Items listed in a dataset:

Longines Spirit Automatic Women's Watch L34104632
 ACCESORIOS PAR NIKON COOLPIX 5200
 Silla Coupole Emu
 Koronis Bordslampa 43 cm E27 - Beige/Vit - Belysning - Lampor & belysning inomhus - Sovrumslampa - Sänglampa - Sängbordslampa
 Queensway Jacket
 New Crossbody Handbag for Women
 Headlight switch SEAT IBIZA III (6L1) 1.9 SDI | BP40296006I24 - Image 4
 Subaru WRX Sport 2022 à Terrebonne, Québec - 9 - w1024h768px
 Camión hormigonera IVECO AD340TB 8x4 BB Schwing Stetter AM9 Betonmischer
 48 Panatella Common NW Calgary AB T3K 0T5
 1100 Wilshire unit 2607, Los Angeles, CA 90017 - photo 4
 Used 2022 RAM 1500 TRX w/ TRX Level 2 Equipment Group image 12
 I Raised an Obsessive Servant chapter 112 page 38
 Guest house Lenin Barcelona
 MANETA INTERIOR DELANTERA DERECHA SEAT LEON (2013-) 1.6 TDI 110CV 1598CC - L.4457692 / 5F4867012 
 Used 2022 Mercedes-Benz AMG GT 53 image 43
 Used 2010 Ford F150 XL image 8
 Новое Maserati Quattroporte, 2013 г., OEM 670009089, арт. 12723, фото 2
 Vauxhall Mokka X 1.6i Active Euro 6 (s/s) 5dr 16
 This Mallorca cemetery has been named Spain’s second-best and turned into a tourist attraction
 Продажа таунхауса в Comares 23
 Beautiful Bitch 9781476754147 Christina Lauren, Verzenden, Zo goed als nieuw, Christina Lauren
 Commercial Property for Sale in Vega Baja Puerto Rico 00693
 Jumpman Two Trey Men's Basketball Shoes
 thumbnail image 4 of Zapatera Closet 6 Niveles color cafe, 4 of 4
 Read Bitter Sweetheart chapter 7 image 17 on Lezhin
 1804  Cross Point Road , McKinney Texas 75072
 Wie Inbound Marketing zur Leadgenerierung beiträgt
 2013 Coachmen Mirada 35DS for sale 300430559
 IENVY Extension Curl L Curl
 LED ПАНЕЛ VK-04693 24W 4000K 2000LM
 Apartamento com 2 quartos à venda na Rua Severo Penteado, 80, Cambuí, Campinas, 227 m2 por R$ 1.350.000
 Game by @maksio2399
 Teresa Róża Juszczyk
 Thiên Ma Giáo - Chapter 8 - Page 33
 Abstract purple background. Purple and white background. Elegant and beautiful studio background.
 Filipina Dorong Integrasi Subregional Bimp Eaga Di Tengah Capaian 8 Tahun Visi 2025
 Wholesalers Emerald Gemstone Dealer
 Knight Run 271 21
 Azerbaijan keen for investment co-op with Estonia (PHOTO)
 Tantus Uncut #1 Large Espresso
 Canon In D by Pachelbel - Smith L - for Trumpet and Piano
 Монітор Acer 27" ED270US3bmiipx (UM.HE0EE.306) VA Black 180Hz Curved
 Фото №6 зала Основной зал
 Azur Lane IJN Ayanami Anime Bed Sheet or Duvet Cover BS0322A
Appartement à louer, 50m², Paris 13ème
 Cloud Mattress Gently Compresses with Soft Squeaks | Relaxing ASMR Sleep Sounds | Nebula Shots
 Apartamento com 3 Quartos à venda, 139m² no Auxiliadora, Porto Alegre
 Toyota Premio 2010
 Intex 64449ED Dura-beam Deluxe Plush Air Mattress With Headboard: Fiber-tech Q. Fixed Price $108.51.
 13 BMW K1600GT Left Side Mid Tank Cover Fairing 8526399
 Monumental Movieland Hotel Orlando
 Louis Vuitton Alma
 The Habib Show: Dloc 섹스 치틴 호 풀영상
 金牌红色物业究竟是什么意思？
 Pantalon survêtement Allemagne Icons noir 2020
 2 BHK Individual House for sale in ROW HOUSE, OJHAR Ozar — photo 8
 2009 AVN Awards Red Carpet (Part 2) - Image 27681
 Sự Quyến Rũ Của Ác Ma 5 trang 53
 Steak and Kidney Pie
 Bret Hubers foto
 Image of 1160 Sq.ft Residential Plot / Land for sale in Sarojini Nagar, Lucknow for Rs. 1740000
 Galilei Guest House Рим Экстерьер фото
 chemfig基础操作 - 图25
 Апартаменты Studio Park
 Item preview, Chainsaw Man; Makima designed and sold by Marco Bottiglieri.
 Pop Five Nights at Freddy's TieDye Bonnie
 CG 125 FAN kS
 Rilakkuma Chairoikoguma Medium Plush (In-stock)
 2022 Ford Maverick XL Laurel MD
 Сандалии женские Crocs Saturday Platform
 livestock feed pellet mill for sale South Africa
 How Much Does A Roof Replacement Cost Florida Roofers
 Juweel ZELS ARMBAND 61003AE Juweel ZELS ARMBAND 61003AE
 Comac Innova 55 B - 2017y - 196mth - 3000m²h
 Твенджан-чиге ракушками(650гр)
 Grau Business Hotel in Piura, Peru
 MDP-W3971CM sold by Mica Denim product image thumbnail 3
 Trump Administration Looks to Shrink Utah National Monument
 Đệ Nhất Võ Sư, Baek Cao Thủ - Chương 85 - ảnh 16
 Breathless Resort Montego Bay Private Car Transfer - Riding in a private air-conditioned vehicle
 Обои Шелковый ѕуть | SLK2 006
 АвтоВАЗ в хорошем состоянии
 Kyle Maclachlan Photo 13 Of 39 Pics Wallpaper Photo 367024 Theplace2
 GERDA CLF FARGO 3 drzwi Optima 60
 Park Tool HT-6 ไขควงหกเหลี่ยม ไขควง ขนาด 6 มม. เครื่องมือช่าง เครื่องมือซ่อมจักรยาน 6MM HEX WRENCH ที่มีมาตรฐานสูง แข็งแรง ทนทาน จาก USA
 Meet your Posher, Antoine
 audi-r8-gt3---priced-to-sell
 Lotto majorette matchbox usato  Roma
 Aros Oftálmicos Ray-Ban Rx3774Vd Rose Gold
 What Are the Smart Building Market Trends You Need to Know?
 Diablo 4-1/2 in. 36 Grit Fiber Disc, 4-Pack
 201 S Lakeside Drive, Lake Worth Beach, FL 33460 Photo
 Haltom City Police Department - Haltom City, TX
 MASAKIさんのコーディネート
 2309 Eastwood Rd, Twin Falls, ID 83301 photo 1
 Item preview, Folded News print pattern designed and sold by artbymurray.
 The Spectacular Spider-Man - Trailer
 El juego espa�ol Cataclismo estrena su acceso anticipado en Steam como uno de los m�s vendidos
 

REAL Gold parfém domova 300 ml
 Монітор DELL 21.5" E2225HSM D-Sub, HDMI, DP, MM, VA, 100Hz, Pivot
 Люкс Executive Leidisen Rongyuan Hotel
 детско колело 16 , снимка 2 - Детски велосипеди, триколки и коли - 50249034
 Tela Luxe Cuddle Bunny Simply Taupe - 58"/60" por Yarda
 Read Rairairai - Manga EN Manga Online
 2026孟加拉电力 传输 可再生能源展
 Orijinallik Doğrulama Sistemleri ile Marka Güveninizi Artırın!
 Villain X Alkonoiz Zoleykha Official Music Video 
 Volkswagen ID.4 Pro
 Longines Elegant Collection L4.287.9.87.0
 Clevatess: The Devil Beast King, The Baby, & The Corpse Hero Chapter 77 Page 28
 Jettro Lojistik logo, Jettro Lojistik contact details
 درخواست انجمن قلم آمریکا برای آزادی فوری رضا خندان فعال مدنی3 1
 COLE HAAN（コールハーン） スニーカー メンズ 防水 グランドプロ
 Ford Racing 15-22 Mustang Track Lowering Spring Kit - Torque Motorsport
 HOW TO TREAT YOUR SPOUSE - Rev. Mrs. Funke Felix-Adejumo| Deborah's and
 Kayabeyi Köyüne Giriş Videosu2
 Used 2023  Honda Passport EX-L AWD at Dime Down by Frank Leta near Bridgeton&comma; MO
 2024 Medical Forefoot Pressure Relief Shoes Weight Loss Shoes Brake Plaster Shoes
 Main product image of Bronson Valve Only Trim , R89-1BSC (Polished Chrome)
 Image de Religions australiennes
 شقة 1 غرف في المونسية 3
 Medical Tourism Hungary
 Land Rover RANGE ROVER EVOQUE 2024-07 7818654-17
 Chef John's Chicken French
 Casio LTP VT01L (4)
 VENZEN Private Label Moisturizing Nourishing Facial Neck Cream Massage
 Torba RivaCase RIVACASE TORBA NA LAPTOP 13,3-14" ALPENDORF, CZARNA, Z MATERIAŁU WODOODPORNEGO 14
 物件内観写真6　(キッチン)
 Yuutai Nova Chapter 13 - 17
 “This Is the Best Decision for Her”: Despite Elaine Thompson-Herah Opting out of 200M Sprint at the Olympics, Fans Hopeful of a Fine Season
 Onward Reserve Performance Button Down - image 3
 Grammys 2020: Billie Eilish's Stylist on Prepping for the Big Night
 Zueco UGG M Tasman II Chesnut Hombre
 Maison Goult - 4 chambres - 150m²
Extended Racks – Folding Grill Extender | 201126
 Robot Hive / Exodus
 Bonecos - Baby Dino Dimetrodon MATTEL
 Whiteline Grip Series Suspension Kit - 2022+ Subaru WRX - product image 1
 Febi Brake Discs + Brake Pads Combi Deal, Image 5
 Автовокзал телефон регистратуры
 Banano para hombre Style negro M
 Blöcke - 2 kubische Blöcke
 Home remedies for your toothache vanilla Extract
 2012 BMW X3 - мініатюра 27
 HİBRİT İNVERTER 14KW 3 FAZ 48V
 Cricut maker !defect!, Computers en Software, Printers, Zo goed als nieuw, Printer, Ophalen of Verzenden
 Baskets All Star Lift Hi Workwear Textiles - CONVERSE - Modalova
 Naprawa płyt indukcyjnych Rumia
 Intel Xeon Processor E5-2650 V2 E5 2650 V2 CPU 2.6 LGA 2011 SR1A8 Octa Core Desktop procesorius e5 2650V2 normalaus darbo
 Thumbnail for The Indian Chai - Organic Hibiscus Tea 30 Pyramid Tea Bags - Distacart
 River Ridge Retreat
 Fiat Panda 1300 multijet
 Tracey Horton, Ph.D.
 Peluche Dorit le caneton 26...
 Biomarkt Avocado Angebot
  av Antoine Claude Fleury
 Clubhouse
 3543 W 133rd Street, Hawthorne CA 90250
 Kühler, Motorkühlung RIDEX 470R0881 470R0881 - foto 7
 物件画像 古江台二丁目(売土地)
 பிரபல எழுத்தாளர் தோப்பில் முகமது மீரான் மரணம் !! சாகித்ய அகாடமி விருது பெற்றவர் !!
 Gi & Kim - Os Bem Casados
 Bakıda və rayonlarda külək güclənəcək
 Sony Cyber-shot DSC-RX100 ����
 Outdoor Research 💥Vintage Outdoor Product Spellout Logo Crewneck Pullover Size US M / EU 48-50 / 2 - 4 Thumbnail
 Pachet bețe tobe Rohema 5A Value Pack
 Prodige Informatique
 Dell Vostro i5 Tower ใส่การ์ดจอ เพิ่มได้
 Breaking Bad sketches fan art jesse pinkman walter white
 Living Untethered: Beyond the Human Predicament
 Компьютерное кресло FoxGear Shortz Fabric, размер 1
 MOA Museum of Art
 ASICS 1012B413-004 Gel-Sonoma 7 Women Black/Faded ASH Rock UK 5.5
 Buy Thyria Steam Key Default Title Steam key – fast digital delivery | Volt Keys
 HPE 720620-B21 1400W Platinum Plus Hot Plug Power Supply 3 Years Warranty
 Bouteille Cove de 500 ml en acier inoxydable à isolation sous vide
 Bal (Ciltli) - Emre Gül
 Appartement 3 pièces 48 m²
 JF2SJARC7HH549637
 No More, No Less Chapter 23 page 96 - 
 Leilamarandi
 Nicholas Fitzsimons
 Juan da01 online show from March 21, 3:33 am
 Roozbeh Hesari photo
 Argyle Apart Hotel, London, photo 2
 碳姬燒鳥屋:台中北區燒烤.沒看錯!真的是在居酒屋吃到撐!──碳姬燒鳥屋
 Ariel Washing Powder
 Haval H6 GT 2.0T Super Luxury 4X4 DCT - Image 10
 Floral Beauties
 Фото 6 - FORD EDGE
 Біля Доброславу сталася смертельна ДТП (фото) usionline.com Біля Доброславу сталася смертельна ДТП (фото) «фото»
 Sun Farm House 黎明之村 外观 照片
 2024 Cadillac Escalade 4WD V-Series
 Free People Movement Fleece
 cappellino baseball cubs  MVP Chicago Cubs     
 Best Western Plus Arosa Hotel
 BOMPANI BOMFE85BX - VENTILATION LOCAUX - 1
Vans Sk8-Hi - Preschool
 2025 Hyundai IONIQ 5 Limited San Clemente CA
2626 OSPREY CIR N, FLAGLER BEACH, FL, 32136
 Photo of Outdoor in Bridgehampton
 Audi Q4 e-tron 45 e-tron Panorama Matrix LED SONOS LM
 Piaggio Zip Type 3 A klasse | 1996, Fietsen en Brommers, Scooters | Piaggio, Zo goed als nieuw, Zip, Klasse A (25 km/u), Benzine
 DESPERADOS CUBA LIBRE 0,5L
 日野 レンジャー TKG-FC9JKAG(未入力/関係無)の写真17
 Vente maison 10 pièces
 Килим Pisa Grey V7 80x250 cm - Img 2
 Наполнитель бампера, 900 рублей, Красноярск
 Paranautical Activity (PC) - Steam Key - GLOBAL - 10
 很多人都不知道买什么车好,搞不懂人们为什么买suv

Your instructions: Copy, please, every line from the start of the entries down to the line that holds "Guest house Lenin Barcelona", with both of those lines included and no others.

Response area:
Longines Spirit Automatic Women's Watch L34104632
 ACCESORIOS PAR NIKON COOLPIX 5200
 Silla Coupole Emu
 Koronis Bordslampa 43 cm E27 - Beige/Vit - Belysning - Lampor & belysning inomhus - Sovrumslampa - Sänglampa - Sängbordslampa
 Queensway Jacket
 New Crossbody Handbag for Women
 Headlight switch SEAT IBIZA III (6L1) 1.9 SDI | BP40296006I24 - Image 4
 Subaru WRX Sport 2022 à Terrebonne, Québec - 9 - w1024h768px
 Camión hormigonera IVECO AD340TB 8x4 BB Schwing Stetter AM9 Betonmischer
 48 Panatella Common NW Calgary AB T3K 0T5
 1100 Wilshire unit 2607, Los Angeles, CA 90017 - photo 4
 Used 2022 RAM 1500 TRX w/ TRX Level 2 Equipment Group image 12
 I Raised an Obsessive Servant chapter 112 page 38
 Guest house Lenin Barcelona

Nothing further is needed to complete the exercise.